Há certos casos em que é necessário, sim, haver um escritório, um espaço físico para os funcionários poderem trabalhar. Engenheiros elétricos, por exemplo, dificilmente conseguem simplesmente “trabalhar em casa”. Até o departamento financeiro, geralmente ainda preso a papelada e assinaturas, precisa de um lugar. Mas outras equipes, como desenvolvimento de software (programadores, testers, gerentes de projetos), contratação (que só precisa de entrevistas ao vivo no final dos processos) e até parte do financeiro e RH pode muito bem trabalhar em qualquer lugar que escolham (eu prefiro em casa, mas cada um é livre para escolher onde quer ir).
É bom para o funcionário
A não ser que a pessoa more numa casa com mais quinze pessoas, sendo dez delas crianças que vão ficar atormentando-a o dia todo, geralmente o próprio lar é um lugar agradável. Além disso, trabalhar remotamente não obriga as pessoas a ficarem em casa. Você pode trabalhar, atualmente, de praticamente qualquer lugar. Você gosta daquele cafezinho da esquina?
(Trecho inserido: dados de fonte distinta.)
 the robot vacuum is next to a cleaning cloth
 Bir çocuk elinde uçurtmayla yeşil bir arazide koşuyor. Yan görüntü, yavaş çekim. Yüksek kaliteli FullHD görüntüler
Legal. Vai lá e trabalha ali mesmo.
Eu ainda não vou citar estudos. Vou falar de experiência pessoal: trabalhar não cansa menos estando-se em casa. Mas eu sempre detestei passar o dia todo com tênis no pé. Acho horrível! No trabalho eu sempre acabei usando chinelos. Mas em casa nem cinto eu preciso usar. E como isso é bom para quem tem lá uma “barriguinha” como eu, hehe! Eu posso trabalhar usando a camiseta mais confortável do universo, que é aquela já meio velhinha que eu, no máximo, usaria para dar uma passada rápida no mercadinho ali da esquina. E também posso usar a bermuda mais confortável do universo, que talvez nem combine com o resto do “outfit”. Mas, e daí? Estou em casa e o foco agora é trabalho!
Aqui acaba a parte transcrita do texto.